Give back exactly the lines of the material below that start at the one holding "adoptable Dog in" and end at the last line, minus the pictures.

RECORDS TO USE START

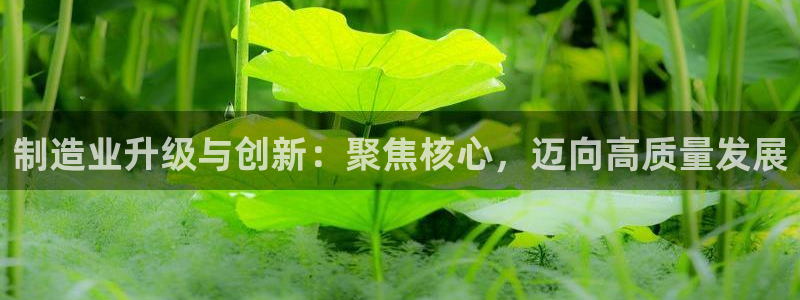 华润集团娱乐公司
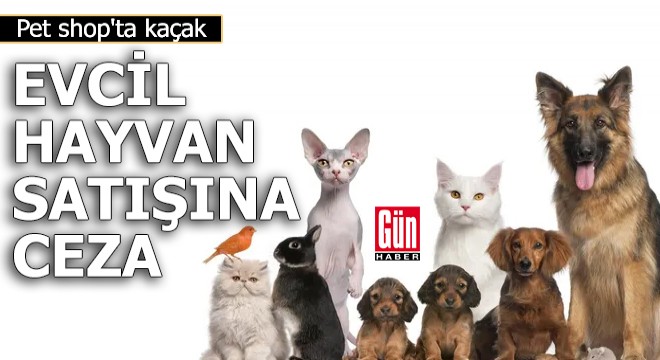 Pet shop'ta kaçak evcil hayvan satışına ceza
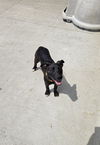 adoptable Dog in  named Eloise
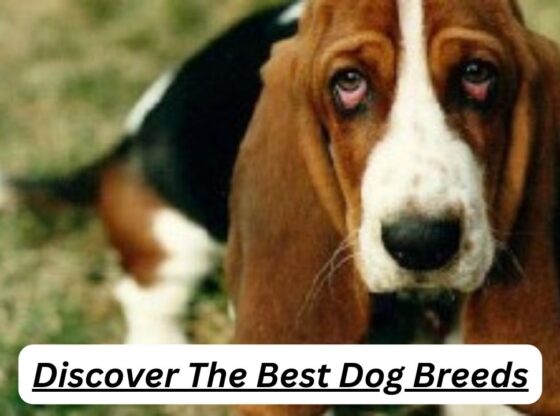 httpsrazasdeperros.netmedianos Discover The Best Dog Breeds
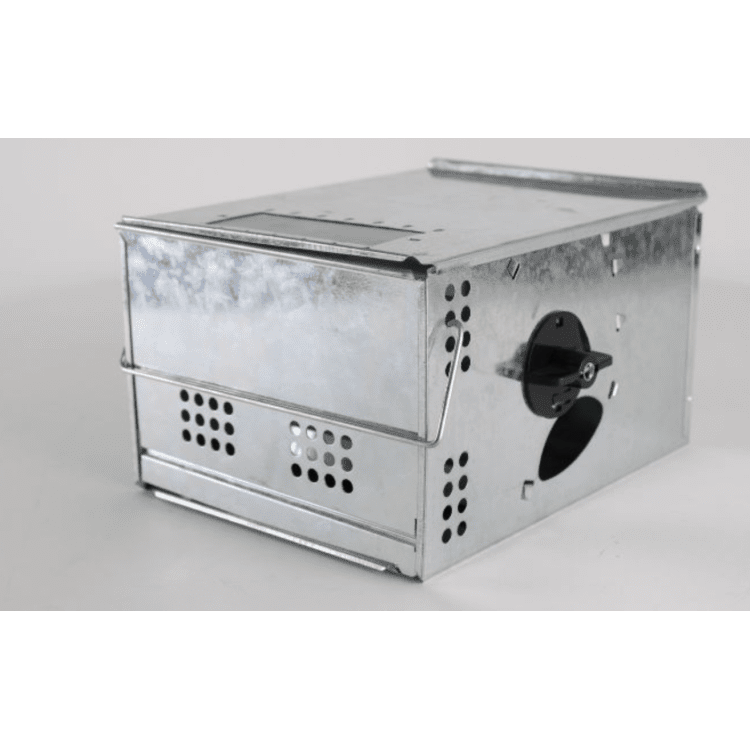 Past na krysy, myši 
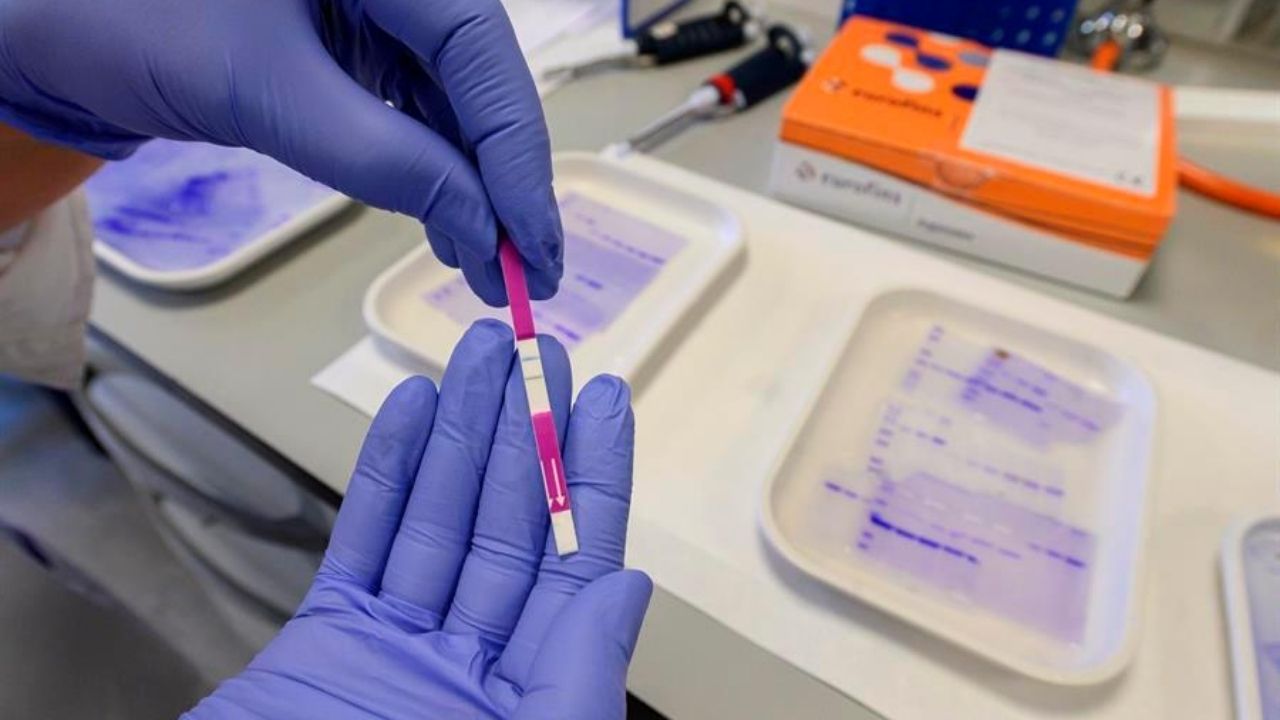 Las 100 mil pruebas que se arruinaron debían estar a -20 grados, pero venían a +1: Karla Pavón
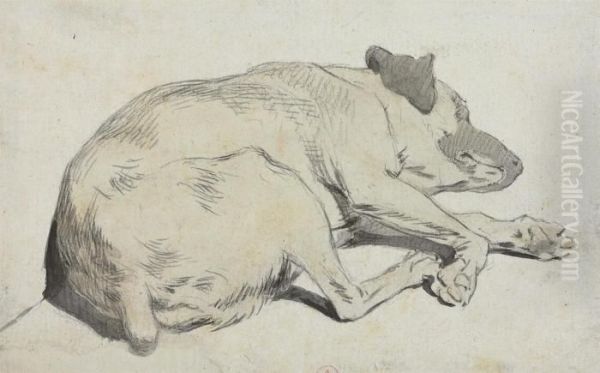 A Sleeping Dog - view 1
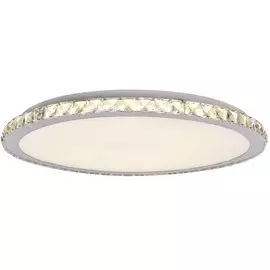 Потолочный светодиодный диммируемый светильник с пультом д/у Wink X181/300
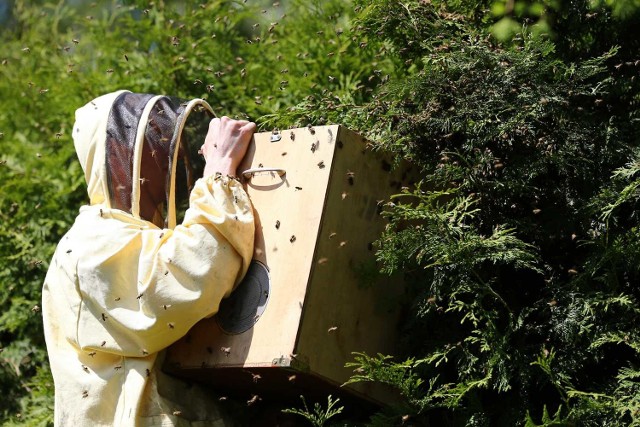 Akcja zabierania roju pszczół.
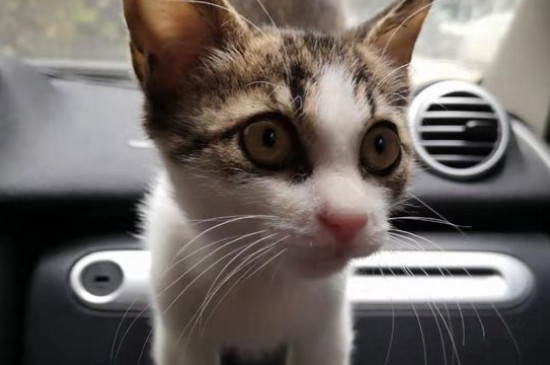 猫咪喜欢主人的表现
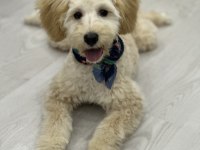 Çok oyuncu maltipoo 5 aylık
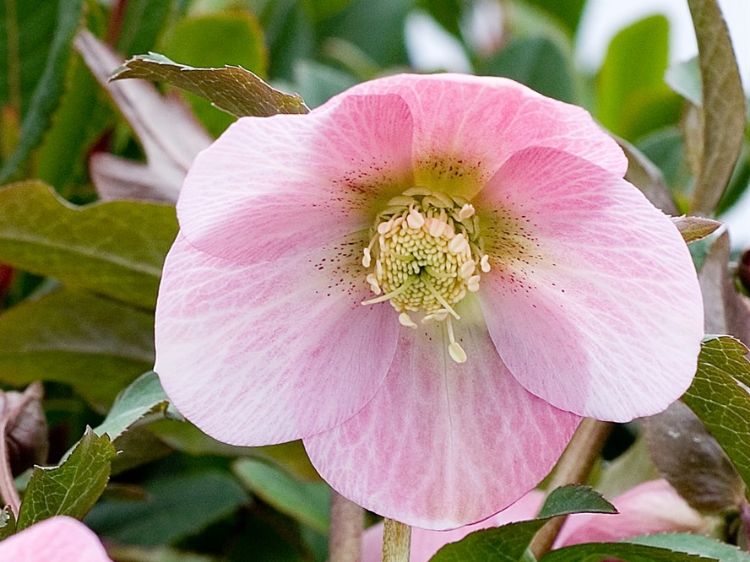 Picture of Helleborus hybrida Shell Pink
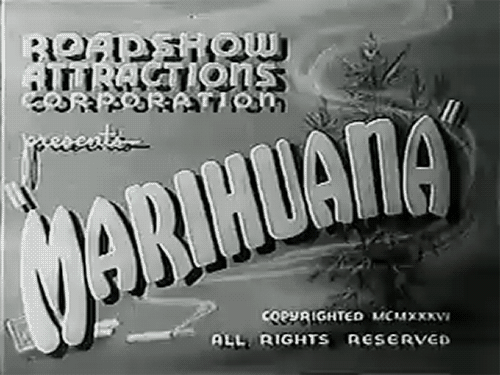 Marihuana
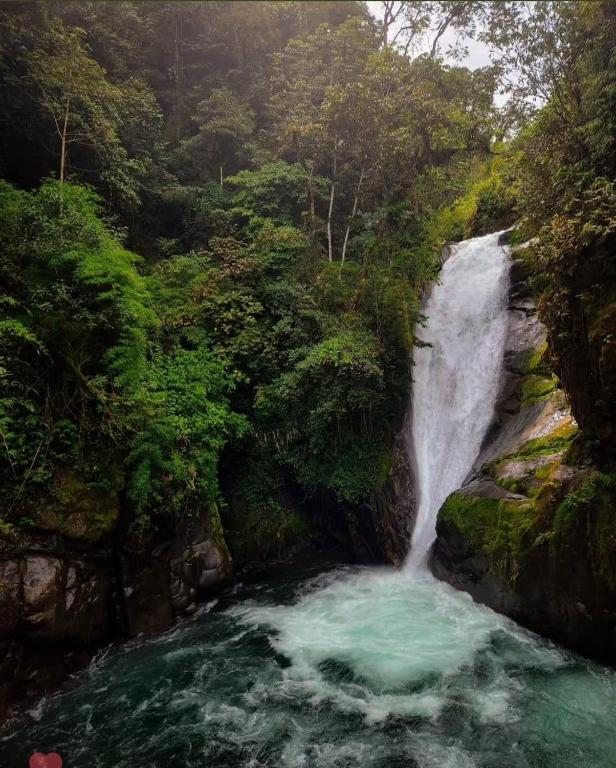 Cloudbridge Nature Reserve, Herradura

RECORDS TO USE END

RESPONSE AREA -
 adoptable Dog in  named Eloise
 httpsrazasdeperros.netmedianos Discover The Best Dog Breeds
 Past na krysy, myši 
 Las 100 mil pruebas que se arruinaron debían estar a -20 grados, pero venían a +1: Karla Pavón
 A Sleeping Dog - view 1
 Потолочный светодиодный диммируемый светильник с пультом д/у Wink X181/300
 Akcja zabierania roju pszczół.
 猫咪喜欢主人的表现
 Çok oyuncu maltipoo 5 aylık
 Picture of Helleborus hybrida Shell Pink
 Marihuana
 Cloudbridge Nature Reserve, Herradura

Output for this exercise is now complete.